Het doel van de Nota Grondbeleid is dan ook om te komen tot heldere kaders en uitgangspunten, waarbinnen het gemeentelijk grondbeleid de aankomende vier jaar wordt gevoerd. Daarnaast is de nota informerend bedoeld. Deze Nota Grondbeleid heeft dan ook een externe werking (transparant en helder naar externen) en een interne werking (werkprocessen en rol worden duidelijk).

2 - Doel en kaders grondbeleid

Het grondbeleid is een middel om doelen te bereiken onder andere op het gebied van ruimtelijke ordening, volkshuisvesting, stedenbouw, werkgelegenheid en recreatie. Dit kan bereikt worden door het verwerven, beheren, verkopen van onroerend goed of samenwerking met marktpartijen. In deze nota wordt de grondbeleidstrategie voor de aankomende vier jaar beschreven. De relatie met het beleid van de ruimtelijke en sectorale beleidskaders wonen, werken, recreatie en toerisme, mobiliteit en duurzaamheid wordt in de paragrafen 2.1 tot en met 2.6 op hoofdlijnen uitgewerkt. Het accommodatiebeleid wordt in paragraaf 2.7 behandeld.

2.1 Structuurvisie

Een vitale Groene Hart-gemeente die aantrekkelijk is om te wonen, te werken en te recreëren. Dat is de ambitie van de gemeente De Ronde Venen die centraal staat in de gemeentelijke Structuurvisie (oktober 2013). In de Structuurvisie zal duidelijk worden dat de gemeente zich als Groene Hart gemeente als doelstelling heeft de kwaliteit in de kernen te borgen. Vooral eerst door middel van inbreiding binnen de rode contouren; uitleglocaties worden niet voorzien. Dit past binnen de trend binnen de ruimtelijke ordening van uitbreiding naar inbreiding, herontwikkeling en transformatie. Aanvullende uitbreiding is gericht op het toevoegen van kwaliteit, passend binnen de positie van de gemeente in de regio. Hierbij kan gedacht worden aan de ontwikkeling van wonen in de kernrandzones.

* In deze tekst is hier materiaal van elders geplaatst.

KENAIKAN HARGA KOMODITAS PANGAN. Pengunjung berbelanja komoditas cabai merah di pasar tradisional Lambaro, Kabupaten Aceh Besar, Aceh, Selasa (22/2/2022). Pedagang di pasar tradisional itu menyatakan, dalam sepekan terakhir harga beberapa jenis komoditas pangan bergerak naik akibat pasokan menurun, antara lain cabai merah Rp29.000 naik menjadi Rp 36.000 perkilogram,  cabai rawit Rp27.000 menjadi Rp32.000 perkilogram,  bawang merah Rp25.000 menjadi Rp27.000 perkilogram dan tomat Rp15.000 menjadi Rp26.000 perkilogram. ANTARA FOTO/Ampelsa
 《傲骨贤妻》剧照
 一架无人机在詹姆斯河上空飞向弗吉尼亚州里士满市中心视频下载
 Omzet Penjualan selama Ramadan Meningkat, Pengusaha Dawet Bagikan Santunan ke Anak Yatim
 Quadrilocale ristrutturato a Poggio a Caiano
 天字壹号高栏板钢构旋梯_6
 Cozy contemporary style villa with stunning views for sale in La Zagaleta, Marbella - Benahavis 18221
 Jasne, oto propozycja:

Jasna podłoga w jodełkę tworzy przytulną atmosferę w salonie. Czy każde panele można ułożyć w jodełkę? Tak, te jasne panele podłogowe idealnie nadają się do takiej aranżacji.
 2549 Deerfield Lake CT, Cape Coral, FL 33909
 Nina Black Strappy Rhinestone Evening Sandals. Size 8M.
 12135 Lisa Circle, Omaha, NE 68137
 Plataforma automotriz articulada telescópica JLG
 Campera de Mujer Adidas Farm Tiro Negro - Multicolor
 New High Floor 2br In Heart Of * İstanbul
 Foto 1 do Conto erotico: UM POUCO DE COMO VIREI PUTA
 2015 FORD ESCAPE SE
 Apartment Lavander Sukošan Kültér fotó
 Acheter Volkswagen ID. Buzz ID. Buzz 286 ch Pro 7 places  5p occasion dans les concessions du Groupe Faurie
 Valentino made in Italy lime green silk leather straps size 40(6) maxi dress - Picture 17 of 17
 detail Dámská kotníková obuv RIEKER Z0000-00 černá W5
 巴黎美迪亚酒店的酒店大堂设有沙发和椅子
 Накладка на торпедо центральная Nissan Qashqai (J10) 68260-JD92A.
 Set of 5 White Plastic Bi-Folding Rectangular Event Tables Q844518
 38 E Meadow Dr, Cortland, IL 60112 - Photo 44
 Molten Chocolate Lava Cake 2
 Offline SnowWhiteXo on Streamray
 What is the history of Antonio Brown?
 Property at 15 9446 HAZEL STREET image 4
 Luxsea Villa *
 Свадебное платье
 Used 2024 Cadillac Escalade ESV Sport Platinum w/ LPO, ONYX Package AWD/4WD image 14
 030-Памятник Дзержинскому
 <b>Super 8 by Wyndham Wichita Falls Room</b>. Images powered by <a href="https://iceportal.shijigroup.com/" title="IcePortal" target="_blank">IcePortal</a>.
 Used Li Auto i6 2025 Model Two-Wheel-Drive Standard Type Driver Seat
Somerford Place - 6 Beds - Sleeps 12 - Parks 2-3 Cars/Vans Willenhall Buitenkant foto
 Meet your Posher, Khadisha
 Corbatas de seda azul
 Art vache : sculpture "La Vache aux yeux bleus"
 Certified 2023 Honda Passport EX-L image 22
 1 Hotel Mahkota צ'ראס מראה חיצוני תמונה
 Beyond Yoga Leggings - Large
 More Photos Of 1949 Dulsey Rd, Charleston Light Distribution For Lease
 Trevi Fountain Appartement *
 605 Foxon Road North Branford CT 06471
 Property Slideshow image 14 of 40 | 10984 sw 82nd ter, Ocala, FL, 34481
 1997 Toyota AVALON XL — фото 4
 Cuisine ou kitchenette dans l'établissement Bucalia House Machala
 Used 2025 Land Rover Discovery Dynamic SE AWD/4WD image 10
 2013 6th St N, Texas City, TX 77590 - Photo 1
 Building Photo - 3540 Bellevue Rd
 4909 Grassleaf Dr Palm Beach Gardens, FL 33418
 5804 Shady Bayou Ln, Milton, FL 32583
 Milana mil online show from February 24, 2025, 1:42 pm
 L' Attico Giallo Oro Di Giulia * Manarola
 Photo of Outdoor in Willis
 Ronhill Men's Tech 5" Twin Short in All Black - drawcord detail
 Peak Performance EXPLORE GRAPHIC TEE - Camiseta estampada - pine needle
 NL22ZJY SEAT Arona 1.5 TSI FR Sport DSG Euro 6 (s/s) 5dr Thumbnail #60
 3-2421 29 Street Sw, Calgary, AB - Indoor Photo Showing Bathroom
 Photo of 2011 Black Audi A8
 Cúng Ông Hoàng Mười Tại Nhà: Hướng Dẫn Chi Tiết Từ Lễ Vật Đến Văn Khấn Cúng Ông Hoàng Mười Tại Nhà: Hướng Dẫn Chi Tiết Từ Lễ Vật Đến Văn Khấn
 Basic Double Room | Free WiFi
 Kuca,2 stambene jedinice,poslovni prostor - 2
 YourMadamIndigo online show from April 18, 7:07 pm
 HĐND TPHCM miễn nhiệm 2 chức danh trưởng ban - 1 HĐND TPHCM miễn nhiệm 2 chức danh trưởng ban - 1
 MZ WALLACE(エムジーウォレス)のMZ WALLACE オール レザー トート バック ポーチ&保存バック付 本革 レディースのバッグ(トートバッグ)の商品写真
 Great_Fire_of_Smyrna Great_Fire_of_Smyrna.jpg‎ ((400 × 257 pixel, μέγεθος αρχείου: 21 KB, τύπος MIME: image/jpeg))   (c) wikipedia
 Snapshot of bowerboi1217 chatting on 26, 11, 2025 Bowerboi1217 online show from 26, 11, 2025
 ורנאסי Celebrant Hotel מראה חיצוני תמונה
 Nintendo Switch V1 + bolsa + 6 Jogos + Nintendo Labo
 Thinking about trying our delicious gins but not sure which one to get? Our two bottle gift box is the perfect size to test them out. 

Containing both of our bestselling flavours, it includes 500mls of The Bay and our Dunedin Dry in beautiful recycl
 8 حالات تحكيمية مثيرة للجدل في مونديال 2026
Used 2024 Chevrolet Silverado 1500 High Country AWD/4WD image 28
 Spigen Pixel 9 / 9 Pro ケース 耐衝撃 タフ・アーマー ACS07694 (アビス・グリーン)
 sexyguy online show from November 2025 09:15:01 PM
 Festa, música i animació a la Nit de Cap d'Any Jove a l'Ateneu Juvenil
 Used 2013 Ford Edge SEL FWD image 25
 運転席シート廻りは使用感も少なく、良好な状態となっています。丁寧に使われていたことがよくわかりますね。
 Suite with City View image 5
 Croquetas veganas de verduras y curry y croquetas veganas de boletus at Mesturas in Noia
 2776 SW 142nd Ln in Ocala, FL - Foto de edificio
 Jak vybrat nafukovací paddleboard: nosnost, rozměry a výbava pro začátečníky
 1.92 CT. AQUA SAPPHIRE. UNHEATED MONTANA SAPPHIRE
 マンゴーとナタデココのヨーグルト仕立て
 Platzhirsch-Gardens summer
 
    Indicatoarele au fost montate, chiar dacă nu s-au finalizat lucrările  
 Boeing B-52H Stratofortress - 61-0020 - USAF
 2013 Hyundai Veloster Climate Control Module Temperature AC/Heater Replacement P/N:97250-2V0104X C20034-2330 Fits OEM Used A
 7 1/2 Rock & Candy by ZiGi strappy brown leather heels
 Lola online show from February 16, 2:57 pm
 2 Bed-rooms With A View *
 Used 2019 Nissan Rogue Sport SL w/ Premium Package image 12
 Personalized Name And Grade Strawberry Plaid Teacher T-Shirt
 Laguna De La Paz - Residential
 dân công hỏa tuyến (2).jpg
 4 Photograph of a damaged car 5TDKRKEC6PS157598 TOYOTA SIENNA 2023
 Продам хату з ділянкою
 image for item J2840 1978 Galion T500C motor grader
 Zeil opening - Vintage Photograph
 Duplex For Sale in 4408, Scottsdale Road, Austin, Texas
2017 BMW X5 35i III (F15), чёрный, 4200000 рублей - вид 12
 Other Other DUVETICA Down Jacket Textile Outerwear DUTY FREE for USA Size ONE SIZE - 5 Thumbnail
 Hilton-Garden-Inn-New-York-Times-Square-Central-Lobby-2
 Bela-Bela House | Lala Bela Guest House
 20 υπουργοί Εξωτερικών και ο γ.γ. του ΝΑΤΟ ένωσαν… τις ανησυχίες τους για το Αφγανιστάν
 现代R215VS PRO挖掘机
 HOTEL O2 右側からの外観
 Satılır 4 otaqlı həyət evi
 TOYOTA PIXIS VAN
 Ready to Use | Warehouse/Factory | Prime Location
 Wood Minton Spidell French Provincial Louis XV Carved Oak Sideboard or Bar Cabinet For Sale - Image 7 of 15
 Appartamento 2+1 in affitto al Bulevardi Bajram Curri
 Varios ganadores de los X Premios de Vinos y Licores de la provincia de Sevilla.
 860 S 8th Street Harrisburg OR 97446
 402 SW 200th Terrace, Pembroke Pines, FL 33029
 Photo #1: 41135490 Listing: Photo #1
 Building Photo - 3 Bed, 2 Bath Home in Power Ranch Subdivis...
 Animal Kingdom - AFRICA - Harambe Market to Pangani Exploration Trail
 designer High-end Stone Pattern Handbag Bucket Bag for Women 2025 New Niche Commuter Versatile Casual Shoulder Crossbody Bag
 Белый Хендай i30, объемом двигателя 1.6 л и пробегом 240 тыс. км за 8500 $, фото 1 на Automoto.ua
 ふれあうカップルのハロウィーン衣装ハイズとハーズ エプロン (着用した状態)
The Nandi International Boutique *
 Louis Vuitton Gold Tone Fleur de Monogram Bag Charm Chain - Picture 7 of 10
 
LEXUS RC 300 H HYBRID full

De status van de Structuurvisie (vanaf oktober 2013) is die van een beleidsinstrument dat hoger in rangorde is dan een bestemmingsplan. De structuurvisie is het belangrijkste ruimtelijke kader van de gemeente en formuleert de ambities voor de toekomst.

In een bestemmingsplan wordt de bestemming van een gebied vastgelegd en daarnaast worden er regels gegeven over het gebruik van de grond en de eventuele bouwwerken.

2.2 Wonen

De nieuwe Woonvisie van de gemeente (januari 2013) schetst de opgave op het gebied van wonen in De Ronde Venen tot en met 2020. Een stip op de horizon, waarbij vanuit een vertrekpunt van een veranderende bevolking, marktomstandigheden en rollen tussen partijen wordt geschetst hoe gewerkt kan worden aan een toekomstbestendige woningvoorraad die zorgt voor meer doorstroming op de woningmarkt. De huidige plancapaciteit voorziet ruimschoots in de kwantitatieve woningbehoefte tot en met 2020. De Woonvisie vormt het uitgangspunt bij nieuwe ontwikkelingen of bij heroverweging van bestaande programma’s.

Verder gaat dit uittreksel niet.